Basic Components of an On-Grid Solar System

Should you stay on the grid for your energy needs?


If you’ve ever told friends or family that you’re thinking of installing solar, you’re likely to get the question, “Oh does that mean you’re going off-grid?”

There are indeed numerous benefits to being off-grid, including not having to pay a monthly utility bill and having energy access during blackouts, but staying on-grid is also a great option for many homeowners.

What is an on-grid solar system?

On-grid solar systems, or grid tie solar systems, mean you’re collecting energy from both solar panels and the electrical grid. This is in contrast to off-grid systems which are not tied to the grid. During the day, your panels will collect energy to power appliances in your home. At night or when it’s too cloudy for the panels to operate, you will tap into the grid for your energy needs. You’ll also be able to take advantage of net metering, which we’ll talk more about later.

The main advantages of an on-grid solar system include low upfront and operating costs, as well as reduced utility bills. And because the electrical grid is essentially functioning as your backup battery, expensive batteries or other storage solutions are not needed.

Who should consider grid tied solar?

  • Those new to solar energy or those who want to try it out before investing in a full off-grid system
  • Those with smaller budgets
  • Those with reliable, steady access to power from the grid
  • Those that want to live more sustainably and lower their carbon-footprint

Tell me about net metering!

Typically on-grid solar systems create a two-way connection to the grid, meaning you may both draw energy from as well as push energy into the grid. Net metering is a billing mechanism that allows you to receive credits on your electricity bill when your solar panels produce excess electricity (such as the middle of the afternoon) and then sends that solar generated electricity back into the grid. Then at night or when it’s too overcast for your solar panels to produce power, you can use those credits when you’re drawing energy from your utility.

The net meter device is installed on your home and is similar to the electric meter you probably have on your home now. However, now it measures power going in two directions instead of just one.

Off-grid vs. on-grid



There are three main solar systems to consider installing on your home: grid-tie solar systems, stand-alone power systems, and hybrid systems.

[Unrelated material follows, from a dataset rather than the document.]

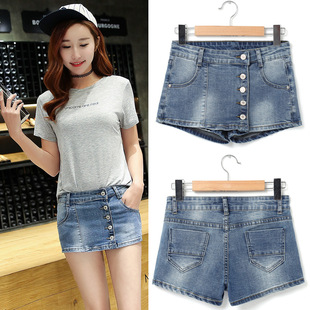 一件代发2018夏装新款韩国东大门排扣超短裙裤女式牛仔裤短裤裙女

  1. On-grid systems (grid tie solar systems)
  2. On-grid systems are still the most common and widely used systems. You do not need battery storage and you can simply use energy from your panels when they are producing. One important thing to consider is on-grid systems do not function during a blackout. This is because it would be a safety concern for a system to push power into the grid when utility workers may be out making repairs to the network.
  3. Off-grid solar systems (stand-alone power systems)
  4. Off-grid solar systems utilize battery banks to store energy collected from your solar panels. Your system must be sized and designed to fit a variety of energy needs throughout the year, especially in the winter when there are fewer sunlight hours. If you live in a remote area without reliable and affordable access to the grid, off-grid solar can be a great way to meet your energy needs. Off-grid systems are typically larger and more expensive than on-grid systems.
  5. Hybrid on-grid solar systems with battery storage
  6. With the decreasing costs of batteries, more and more homeowners are choosing to add battery storage to their on-grid projects to be able to take advantage of the benefits of both on- and off-grid systems, such as having energy access during blackouts and having to pay for less energy from the grid. This means lower utility bills and increased energy access.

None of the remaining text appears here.